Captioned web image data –
= Beginning of Section =

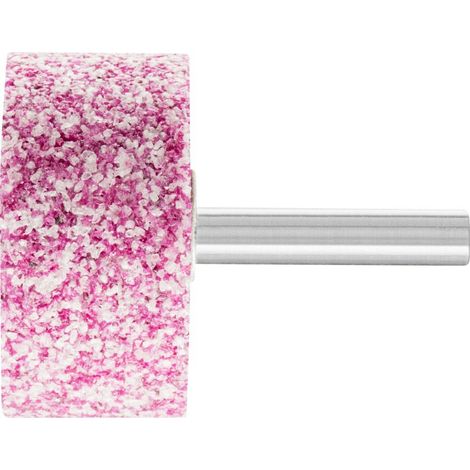 PFERD TOOLS STEEL Schleifstift Zylinder Ø 50x25 mm Schaft-Ø 8 mm A24 für Stahl- und Stahlguss 5 Stk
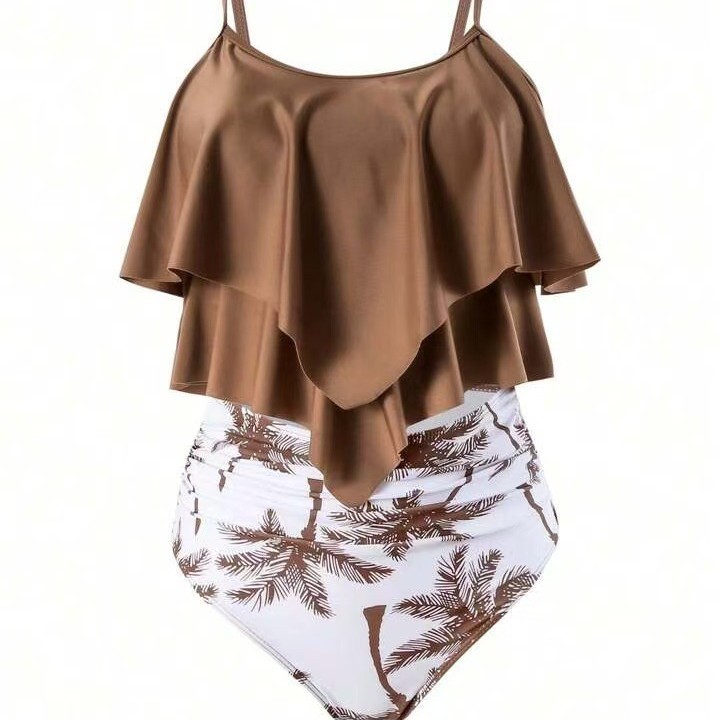 Bikini para mujer con top con  - Swimwear reseña y precio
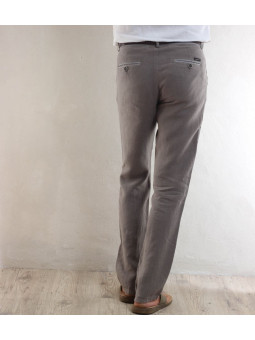 Fragarn Men's pants Men's Casual Fashion Solid Color Cotton Linen Pants  Comfortable Breathable Trousers 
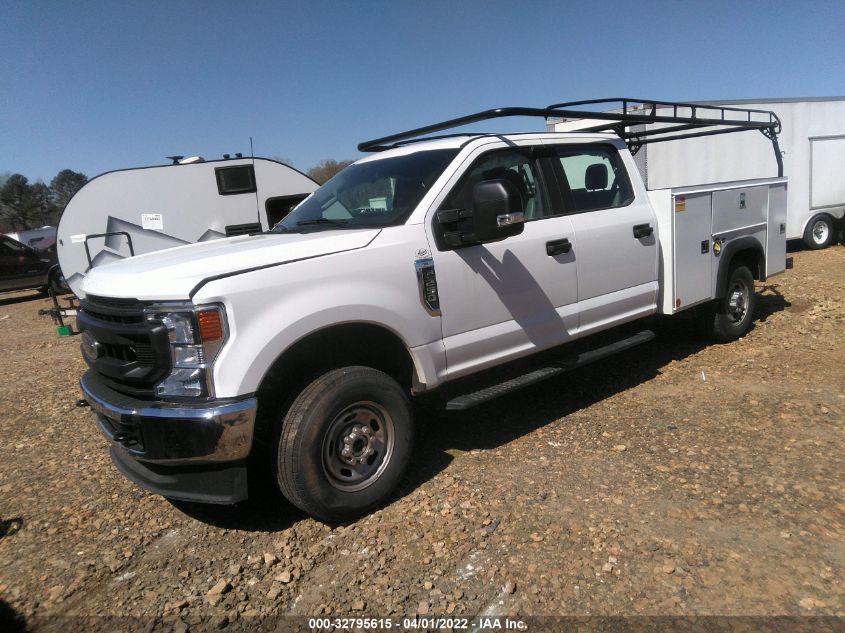 2022 FORD SUPER DUTY F-250 SRW XL/XLT/LARIAT 1FD7W2B62NEC19560
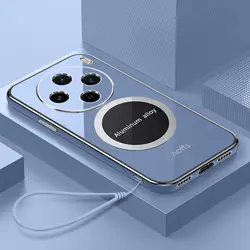 Funda magnética de TPU para Vivo X100, X90 y X80 Pro Plus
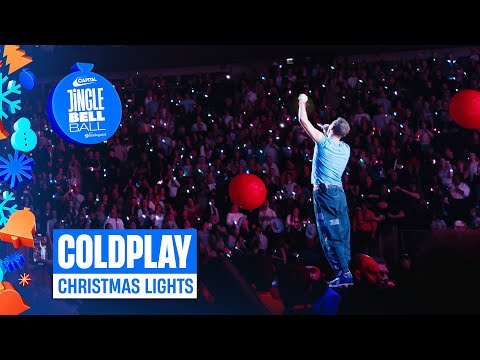 Coldplay - Christmas Lights (Live at Capital's Jingle Bell Ball 2024) | Capital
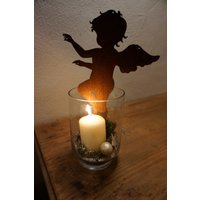 Edelrost Engelchen - Weihnachten Rostdeko Advent Edelrost Engelchen - Weihnachten Rostdeko Advent von VintageOneDeko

= End of Section =

PROMPT – From the line holding "Fragarn Men's pants" to the final line of the data above, give each line again exactly, both ends included, and drop the pictures.

COMPLETED EXERCISE –
 Fragarn Men's pants Men's Casual Fashion Solid Color Cotton Linen Pants  Comfortable Breathable Trousers 
 2022 FORD SUPER DUTY F-250 SRW XL/XLT/LARIAT 1FD7W2B62NEC19560
 Funda magnética de TPU para Vivo X100, X90 y X80 Pro Plus
 Coldplay - Christmas Lights (Live at Capital's Jingle Bell Ball 2024) | Capital
 Edelrost Engelchen - Weihnachten Rostdeko Advent Edelrost Engelchen - Weihnachten Rostdeko Advent von VintageOneDeko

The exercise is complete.